Disclaimer: there are many types of Heaps out there with endless implementations. So here we focus on Binary Heap

Note: Binary search tree is when each node has a maximum of two children nodes Binary Heaps is a specific type of Tree.

**2 types of Binary Heap**

1: Binary Max- Heap(we will use for our example).

2: Binary Min- Heaps (simply reverse the rule from the Max-Heap).

**Binary Max Heap rules**

1: Each node value must be greater than both its descendants.

2: The tree must be complete.

Meaning no nodes are missing on that tree.

**Heap Properties.**

By nature, Heaps are loosely ordered compared to binary search trees. However, the root node is always the greatest value (referring to max Heap). This is why it is a good tool for PQ implementation because we want access to the greatest priority located at the root node. Words: Last Node. ( the Rightmost node in its bottom level.)

**Heap Insertion**

Inserting into a heap data structure could be interesting as each process influences the other. So here is the process of execution.

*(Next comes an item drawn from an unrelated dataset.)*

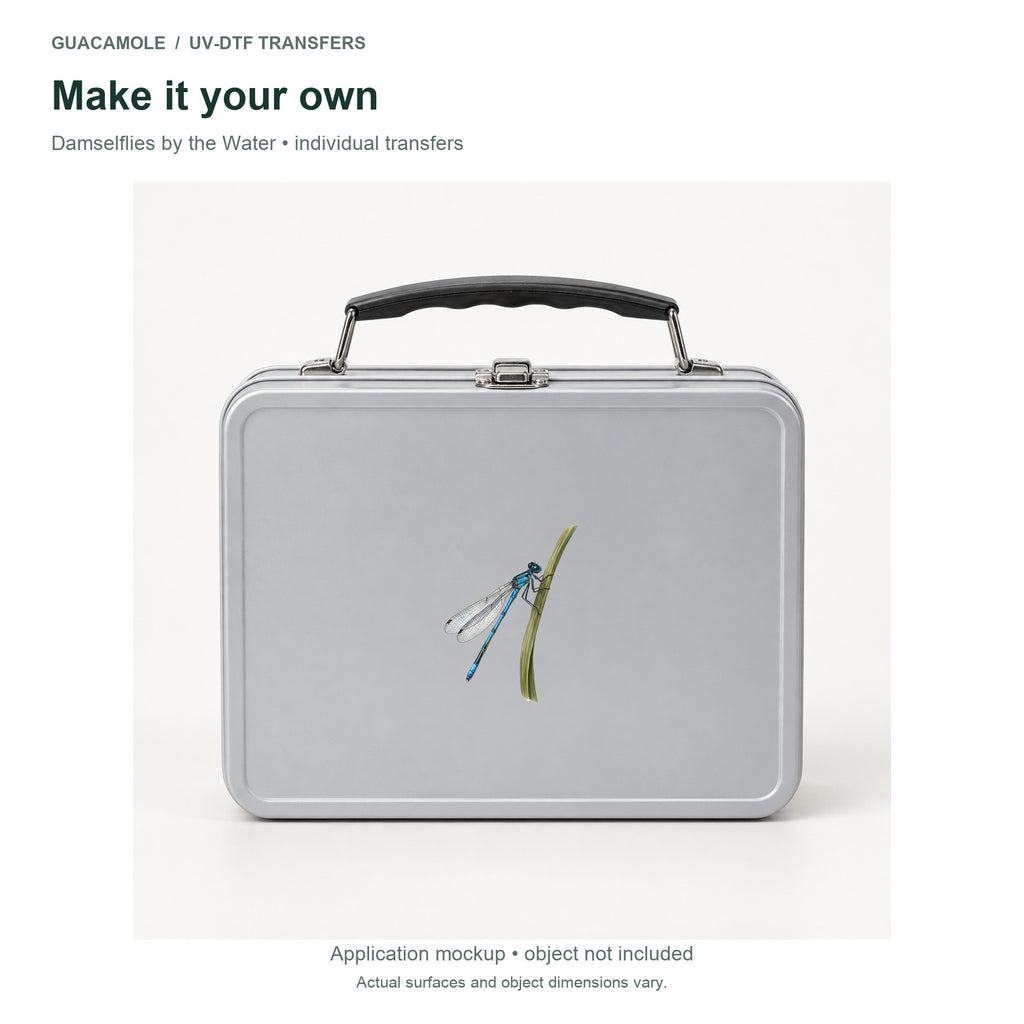Damselflies by the Water — Second application setting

- Create a node containing a new value & insert it at the next available rightmost spot in the bottom level.
- Compare new Node with it’s parent node
- If the new node is greater than the parent node, swap the new node with the parent node.
- Repeat step 3, Thus, moving the new Node up through the heap, till it has a parent whose value is greater than it. (Moving the Node up the Heap is called TRICKLING the node up through the heap.)

Note: the reverse of this applies to Min Heaps. (Google “min heap insertion process. ”)

Keep in mind that we still need to resolve the last node here.

**Heap Deletion**

**Rule**: only deletes the root node

** Steps:**

- Move the last node to where the root node was, thus removing the original root node.
- Tricklet root node down into its proper place.

**What is Trickling down a Node?**

While it may sound like an easy process, tricking down actually is not a quick task as there are processes involved.

**Steps**:

- Check both children of the Trickle node and see which one is larger.
- If the Trickle node is smaller than the larger of the two child nodes, swap trickle node with Larger child. repeat Steps 1 and 2 until the trickle node has no children who are greater than it.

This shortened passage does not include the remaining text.